→ **PROBLEM DESCRIPTION**
Would you transcribe exactly the lines from the one containing "Щетка из конского" to the last line of the data below, both ends included, but none of the pictures?

(Collection entries)
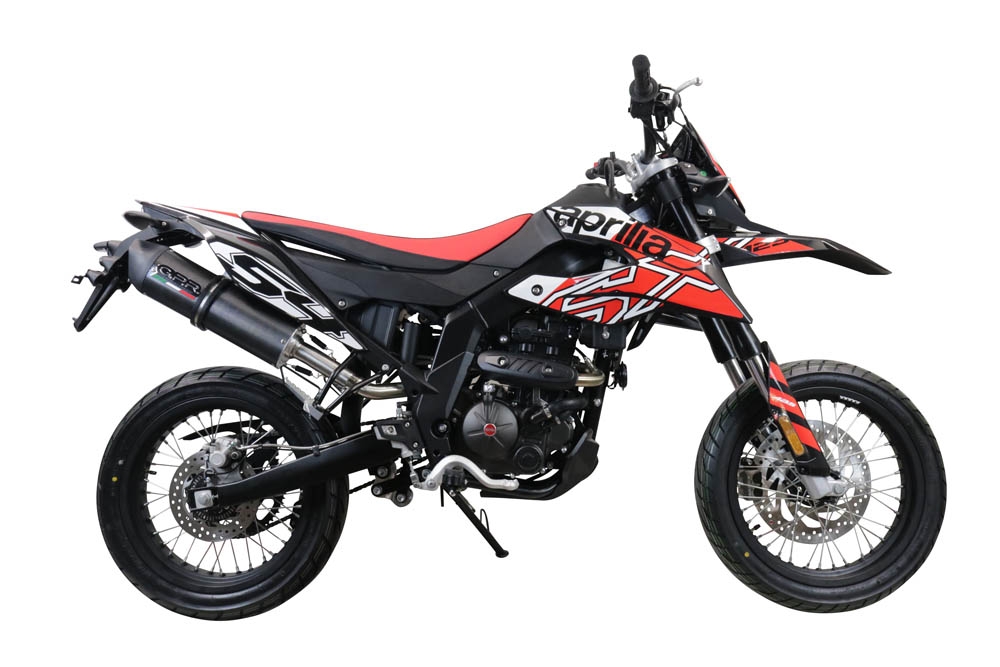 Egzoz ile uyumlu Aprilia Rx 125 2021-2024, Furore Evo4 Poppy, Onaylı egzoz, bağlantı borusu ve çıkarılabilir db öldürücü dahil Avrupa DIŞI pazarlar için yasal 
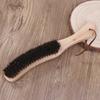 Щетка из конского волоса с деревянной ручкой, щетка для чистки мягкой конской щеткой для чистки мебели, одежды, пальто, костюма, ворса, одежды
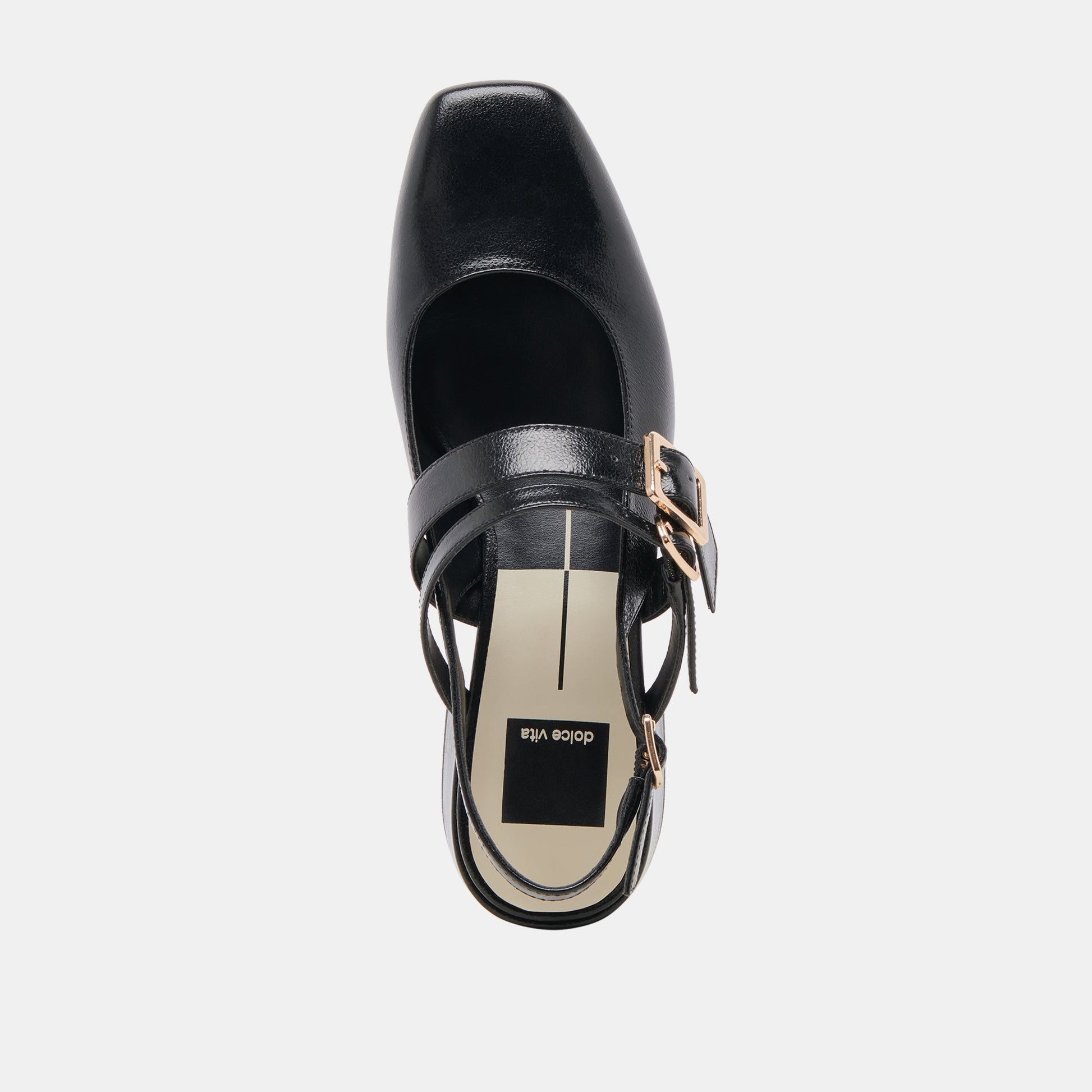 PATZY HEELS MIDNIGHT CRINKLE PATENT LEATHER - Dolce Vita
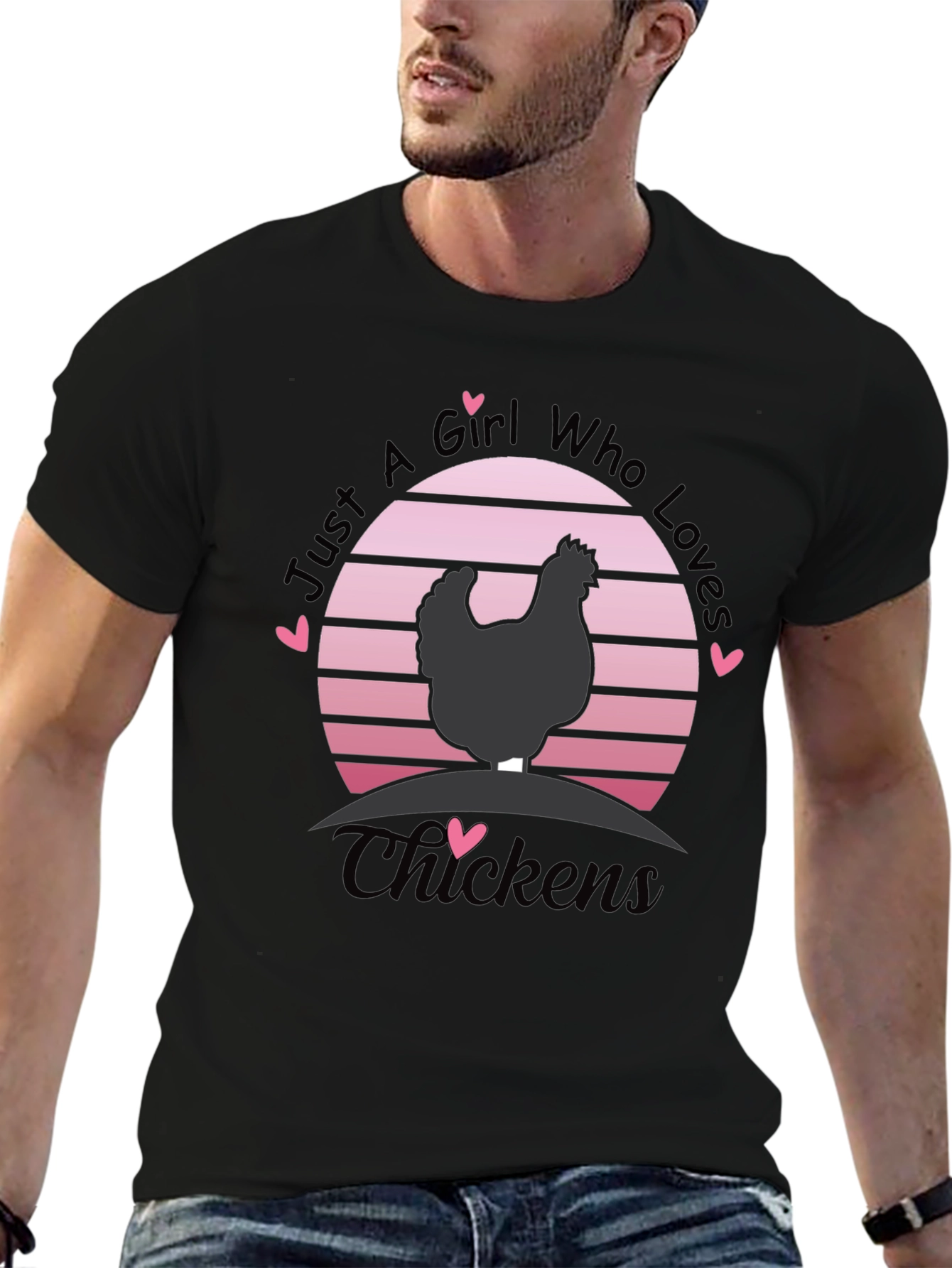 Just A Girl Who Loves Chickens T-Shirt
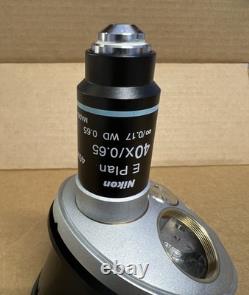 Objectif de microscope Nikon E Plan 40x/0.65 WD 0.65 MRP70400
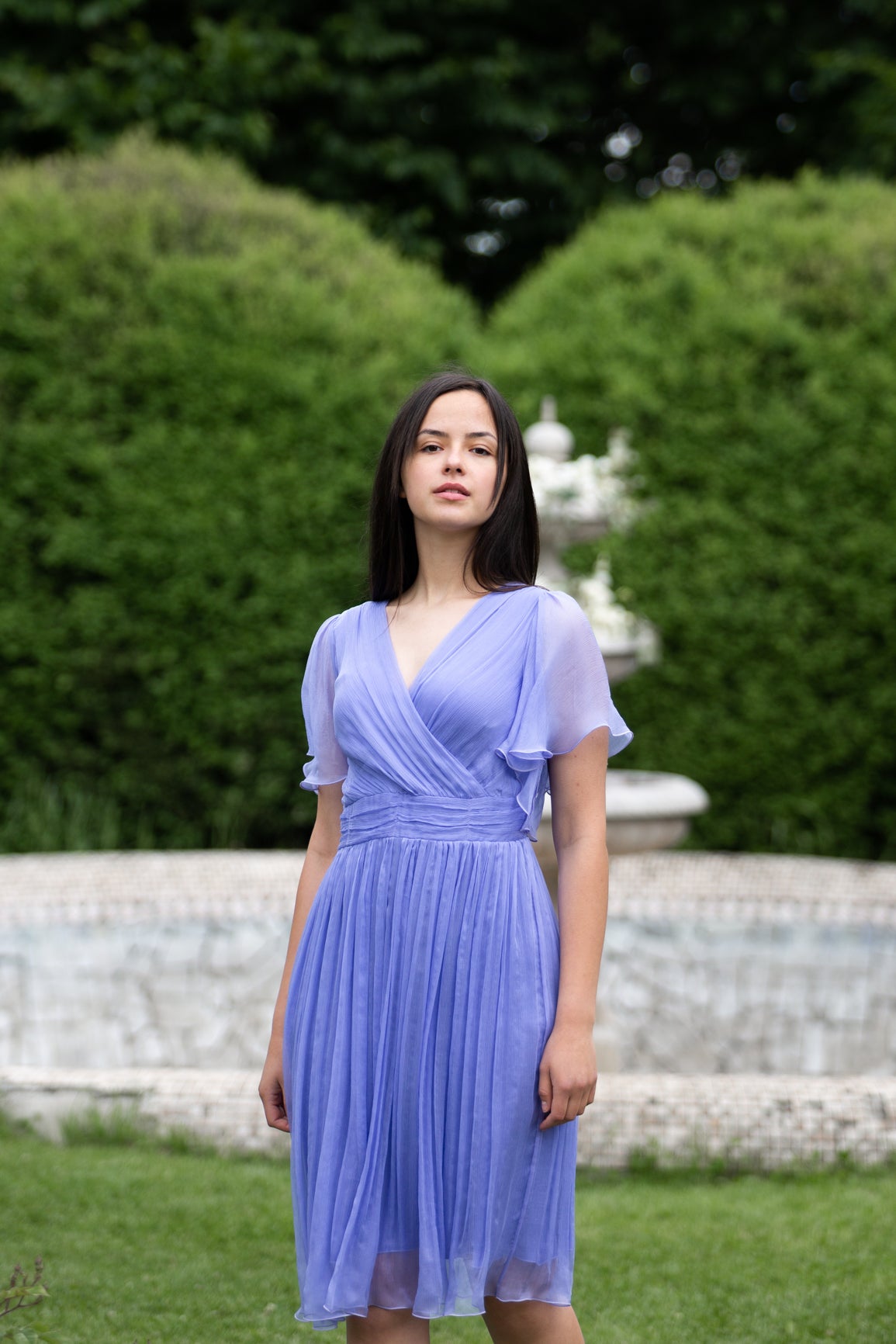 Rochie lavanda din matase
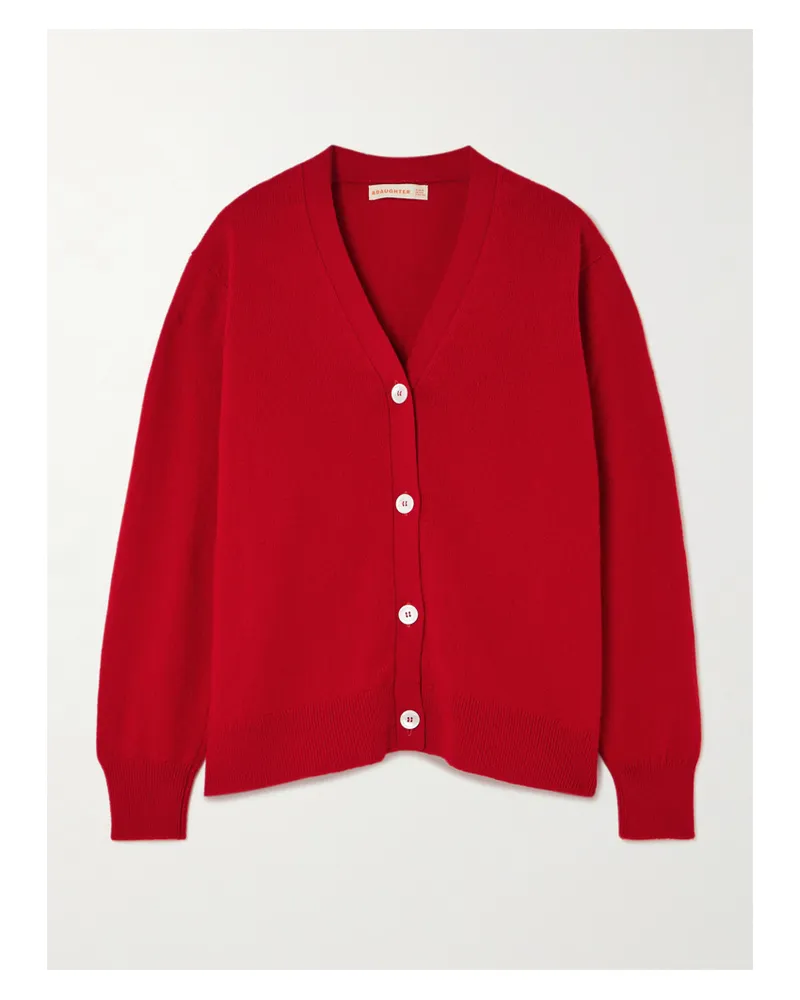 &Daughter Ava Wool Cardigan - Red Red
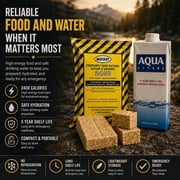 Sustain Supply Emergency Survival Kit for 4 People, 72 Hour Disaster Preparedness Backpack with Food, Water, First Aid & Emergency Supplies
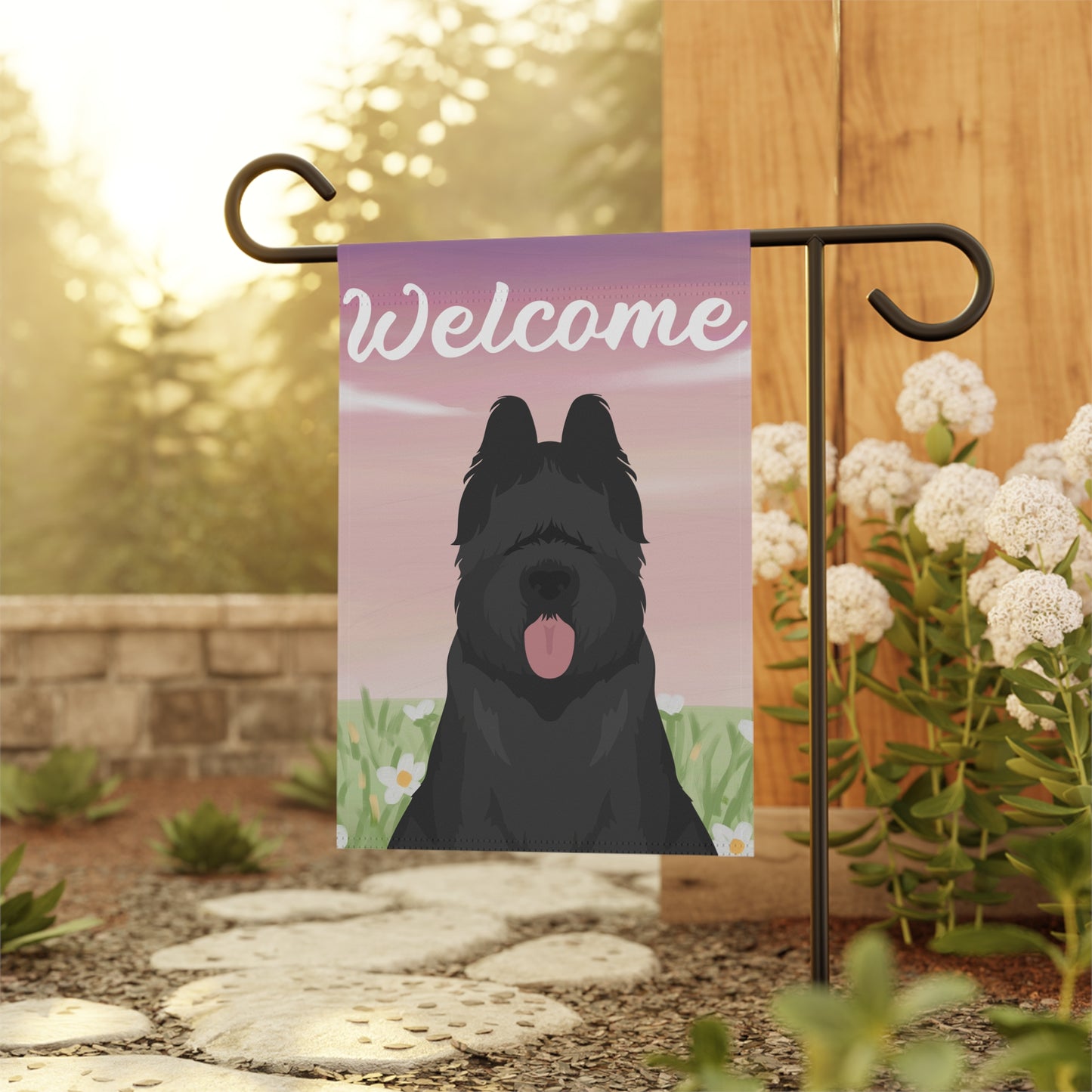 Briard Dog Welcome Garden Flag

→ **TASK RESULT**
 Щетка из конского волоса с деревянной ручкой, щетка для чистки мягкой конской щеткой для чистки мебели, одежды, пальто, костюма, ворса, одежды
 PATZY HEELS MIDNIGHT CRINKLE PATENT LEATHER - Dolce Vita
 Just A Girl Who Loves Chickens T-Shirt
 Objectif de microscope Nikon E Plan 40x/0.65 WD 0.65 MRP70400
 Rochie lavanda din matase
 &Daughter Ava Wool Cardigan - Red Red
 Sustain Supply Emergency Survival Kit for 4 People, 72 Hour Disaster Preparedness Backpack with Food, Water, First Aid & Emergency Supplies
 Briard Dog Welcome Garden Flag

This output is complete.